╭─ Data in this exercise

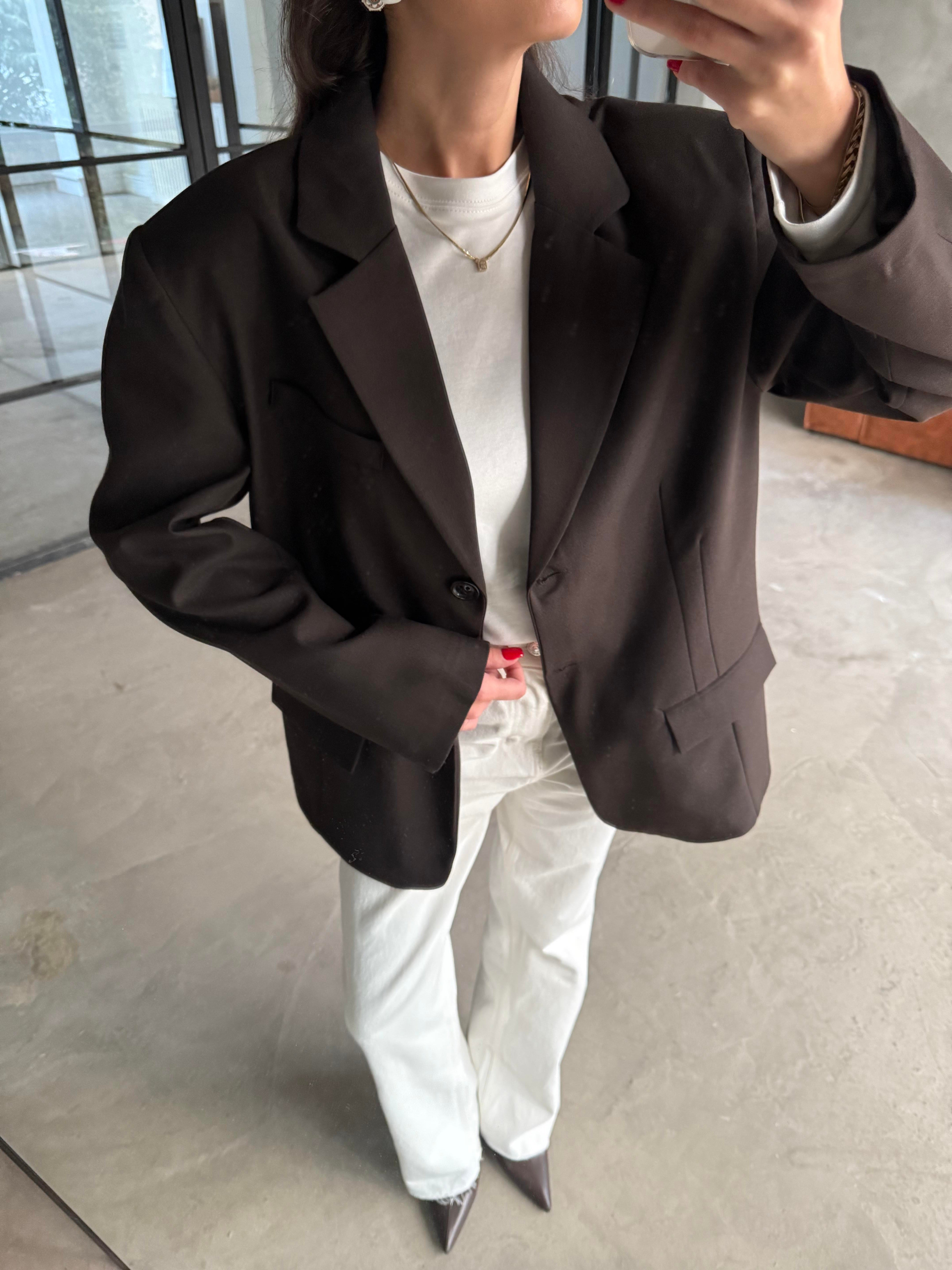 Oversize Blazer Ceket - Acı Kahve - Dominatrend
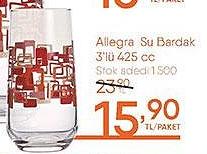 Allegra Su Bardak 3'lü 425 cc image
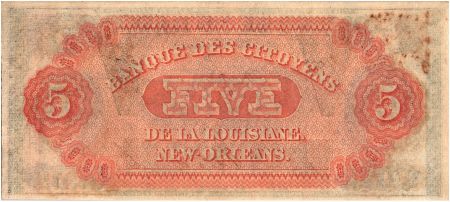 USA 5 Dollars, Citizen Bank - Louisiane - 1860 - SUP - émis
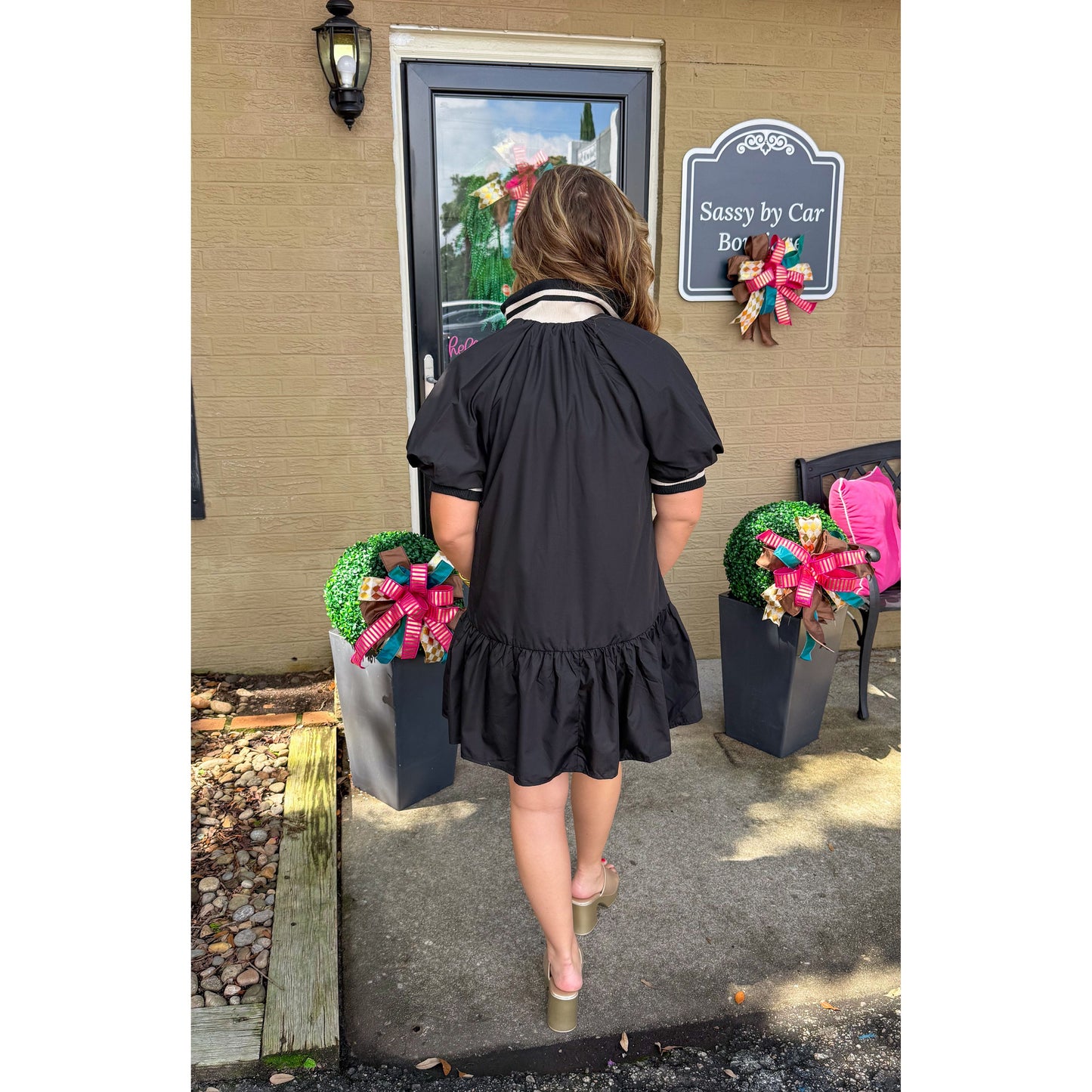 Kenny Mini Dress, Black/Taupe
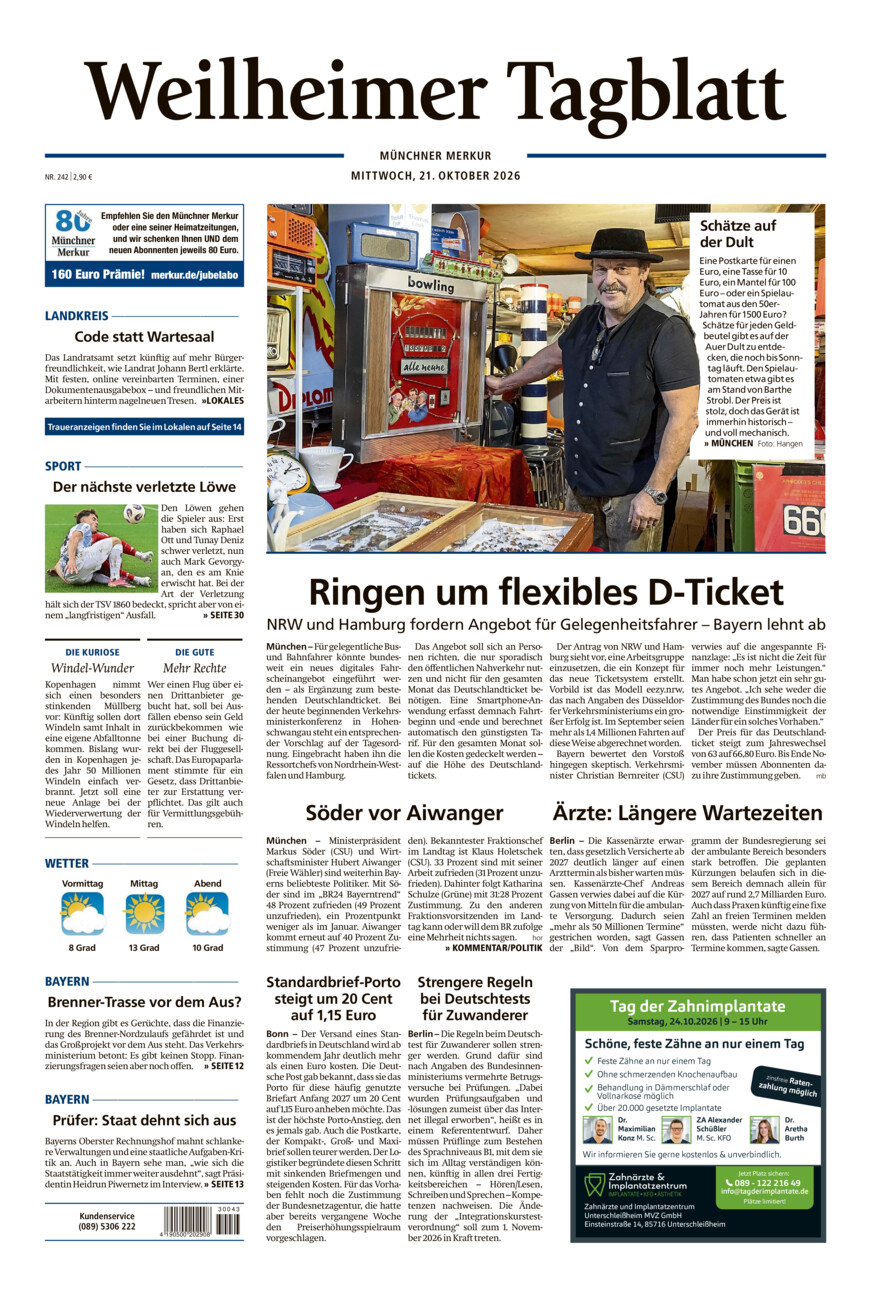 Weilheimer Tagblatt vom Mittwoch, 21.10.2026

╰─

What the task requires => Each line from the one containing "USA 5 Dollars, Citizen" through the end of the records above is to be retyped exactly, with the pictures omitted and nothing added.

Response to this exercise =>
 USA 5 Dollars, Citizen Bank - Louisiane - 1860 - SUP - émis
 Kenny Mini Dress, Black/Taupe
 Weilheimer Tagblatt vom Mittwoch, 21.10.2026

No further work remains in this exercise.